(Captioned web images)
• • • • •

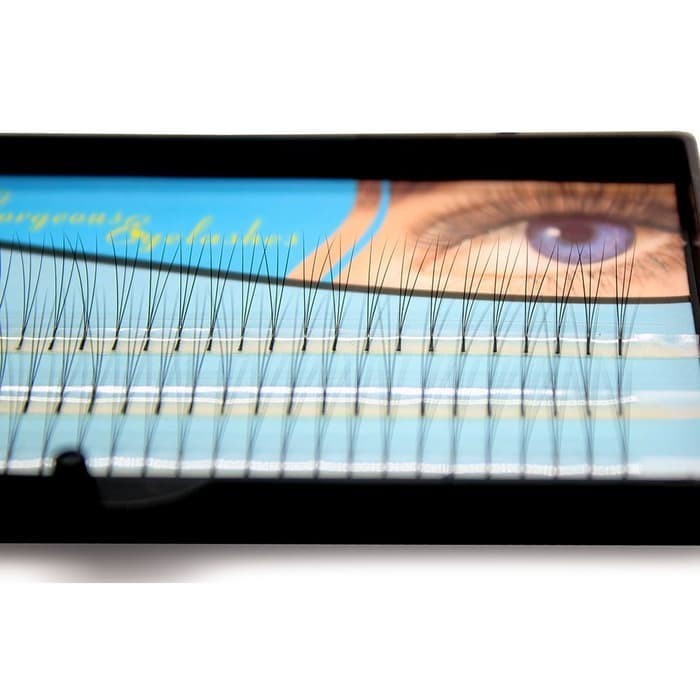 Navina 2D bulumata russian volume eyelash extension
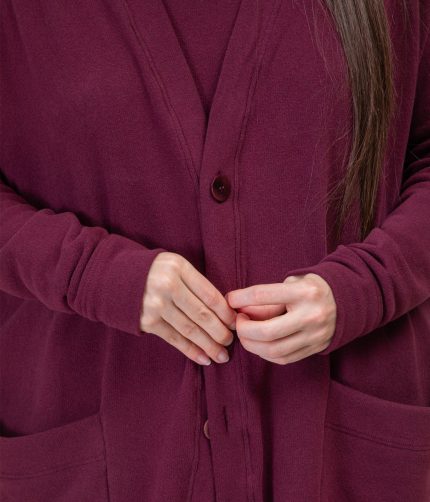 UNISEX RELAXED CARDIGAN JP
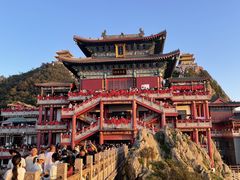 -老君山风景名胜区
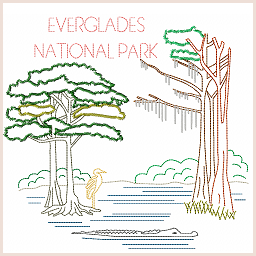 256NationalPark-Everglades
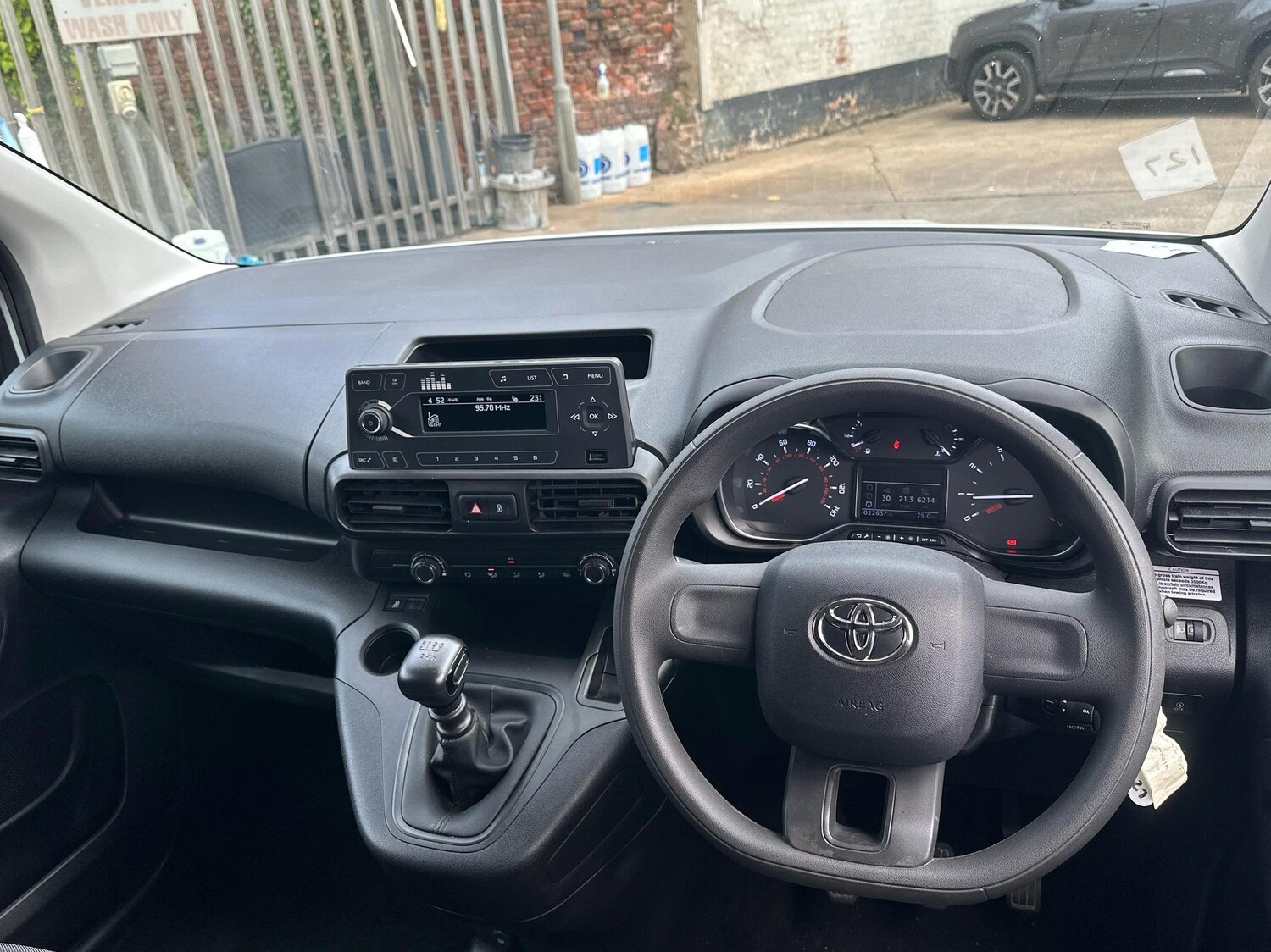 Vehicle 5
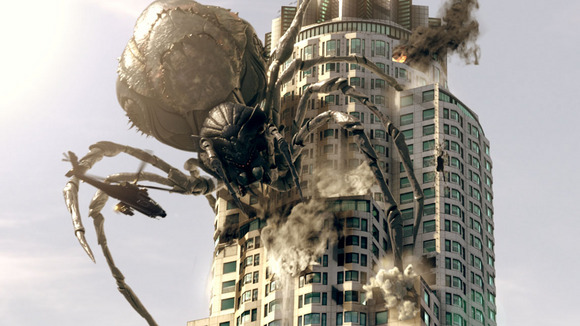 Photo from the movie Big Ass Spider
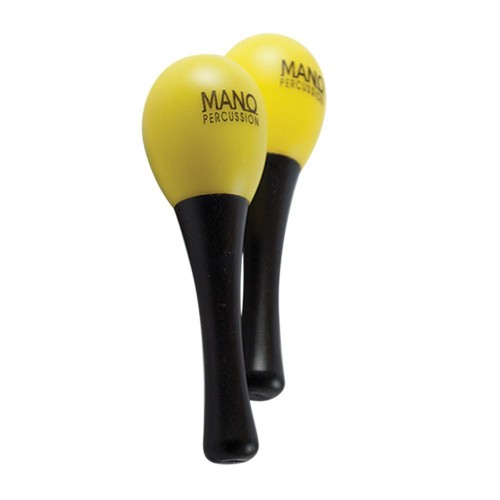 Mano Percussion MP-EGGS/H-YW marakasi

• • • • •

[What to do]
Leave the pictures out. Repeat every entry above exactly.

[Solution to the problem]
 Navina 2D bulumata russian volume eyelash extension
 UNISEX RELAXED CARDIGAN JP
 -老君山风景名胜区
 256NationalPark-Everglades
 Vehicle 5
 Photo from the movie Big Ass Spider
 Mano Percussion MP-EGGS/H-YW marakasi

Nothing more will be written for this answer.